Segment Open
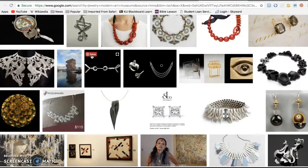I want one of them to have non-traditional materials such as acrylic, wood, fibers, found objects, or glass. So two examples total: at least one contemporary from the last 50 years, and one that uses traditional materials and one that uses non-traditional materials.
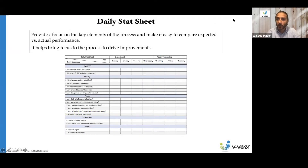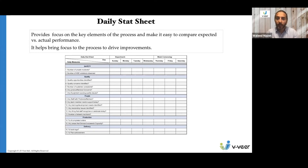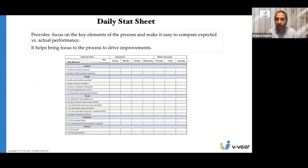This daily stat sheet provides focus on the key elements of the process and makes it easy to compare expected versus actual performance. It helps bring focus to the process to drive improvements — covering what is important in each process and what we need people to focus on: safety, quality, people, production, and delivery, ensuring operators, supervisors, and management are aware of the key elements we expect them to focus on.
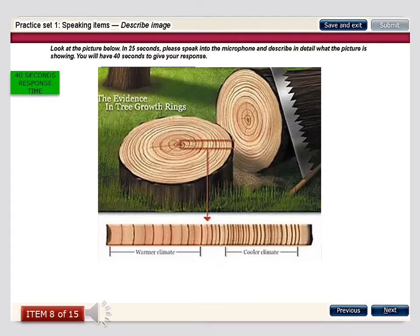This image presents important information in two parts. The first part shows evidence of the growth of a tree in the form of the number of rings in a cross-section. The second part depicts that variations in tree growth during different climates can also be mapped through the rings. On the warmer climate side there are more gaps between the rings, whereas in the cooler climate the rings are more narrowly compressed.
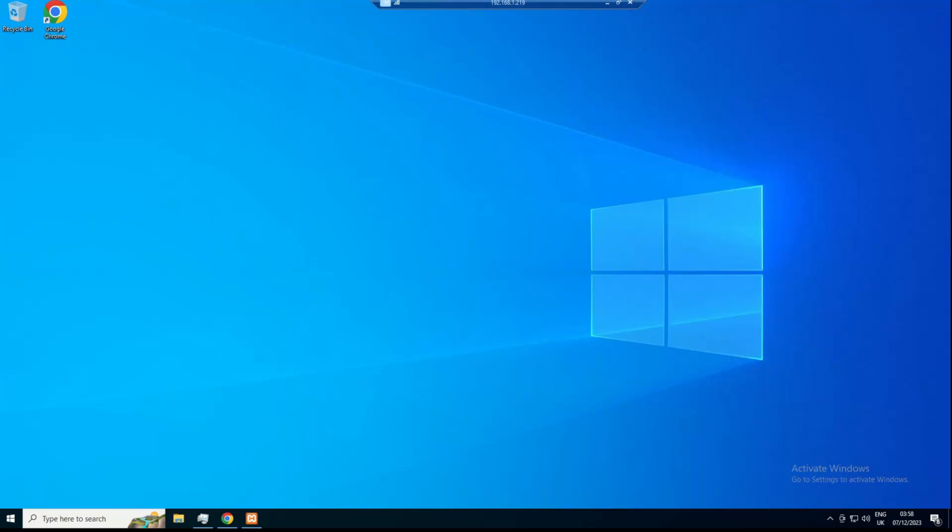Hi guys, Brett here. Today I'm bringing you a quick tutorial on how to make an ARK Ascended server.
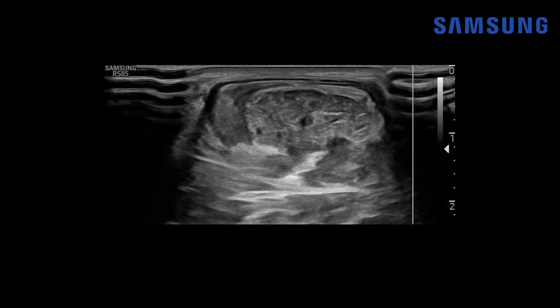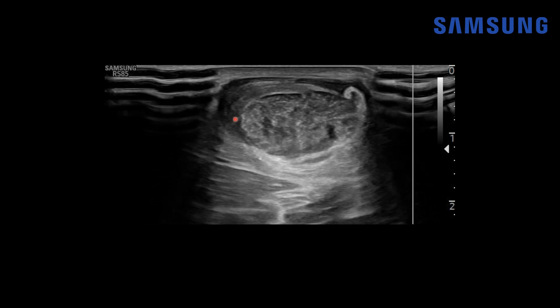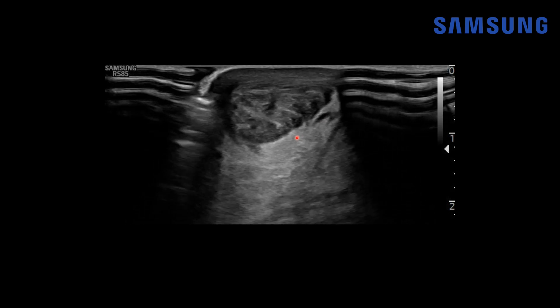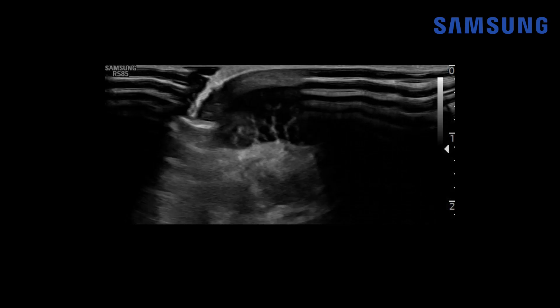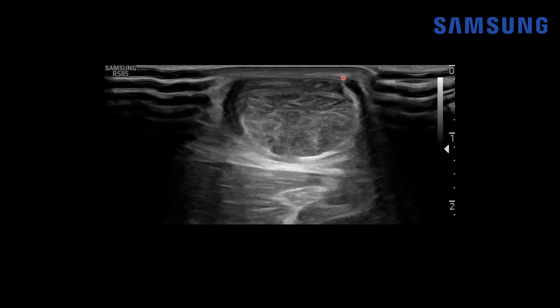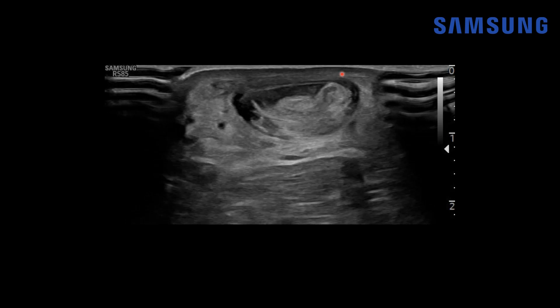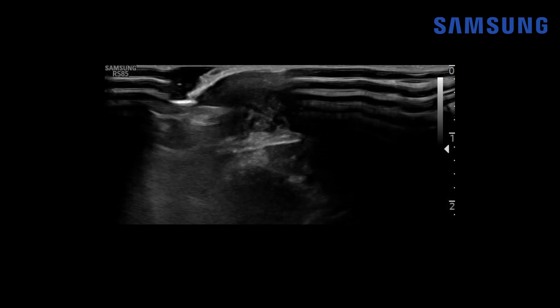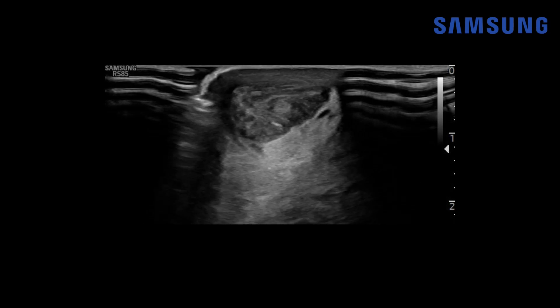On transverse real-time imaging moving superior to inferior, notice this hypoechoic rind surrounding the Achilles tendon — that's the inflamed peritenon. We then see the full thickness tear with echogenic material and tendon disruption. Also notice this small rounded echogenic focus at the medial aspect of the Achilles tendon — that's the plantaris tendon, which we sometimes see particularly in the setting of full thickness tears at the medial aspect of the tendon.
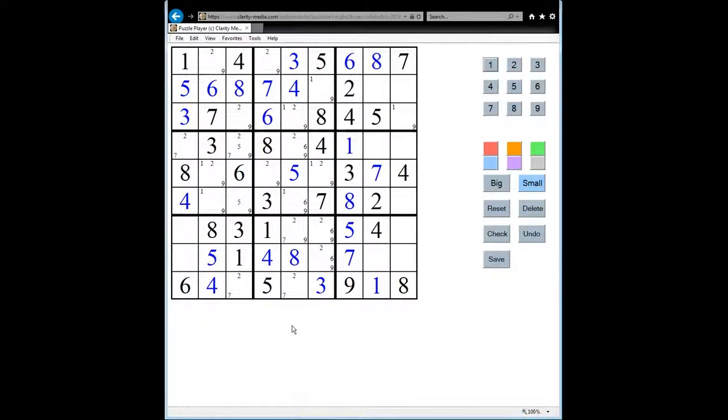Welcome to this new video in which we are going to explain the X-Wing solving technique in Sudoku.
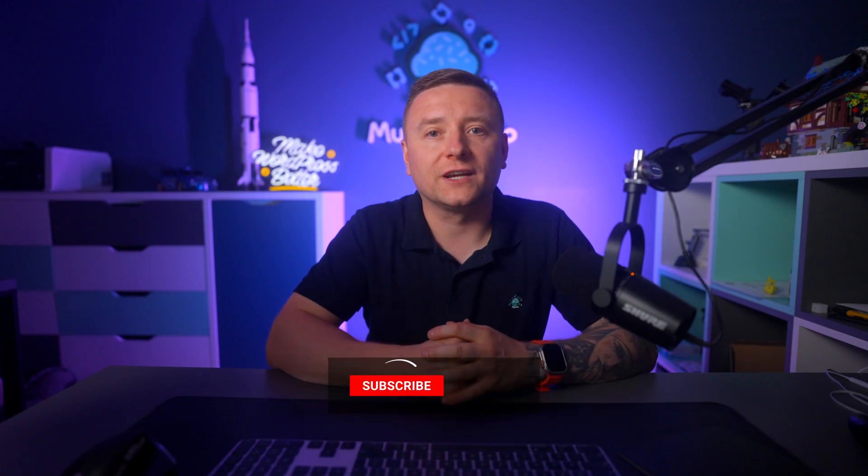And as always, thanks for watching and remember to like, subscribe, and hit the bell icon to get notified every time we release a new video.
Segment Closed
Only the text of the records above, copied exactly, should be returned; the pictures stay out.

I want one of them to have non-traditional materials such as acrylic, wood, fibers, found objects, or glass. So two examples total: at least one contemporary from the last 50 years, and one that uses traditional materials and one that uses non-traditional materials.
This daily stat sheet provides focus on the key elements of the process and makes it easy to compare expected versus actual performance. It helps bring focus to the process to drive improvements — covering what is important in each process and what we need people to focus on: safety, quality, people, production, and delivery, ensuring operators, supervisors, and management are aware of the key elements we expect them to focus on.
This image presents important information in two parts. The first part shows evidence of the growth of a tree in the form of the number of rings in a cross-section. The second part depicts that variations in tree growth during different climates can also be mapped through the rings. On the warmer climate side there are more gaps between the rings, whereas in the cooler climate the rings are more narrowly compressed.
Hi guys, Brett here. Today I'm bringing you a quick tutorial on how to make an ARK Ascended server.
On transverse real-time imaging moving superior to inferior, notice this hypoechoic rind surrounding the Achilles tendon — that's the inflamed peritenon. We then see the full thickness tear with echogenic material and tendon disruption. Also notice this small rounded echogenic focus at the medial aspect of the Achilles tendon — that's the plantaris tendon, which we sometimes see particularly in the setting of full thickness tears at the medial aspect of the tendon.
Welcome to this new video in which we are going to explain the X-Wing solving technique in Sudoku.
And as always, thanks for watching and remember to like, subscribe, and hit the bell icon to get notified every time we release a new video.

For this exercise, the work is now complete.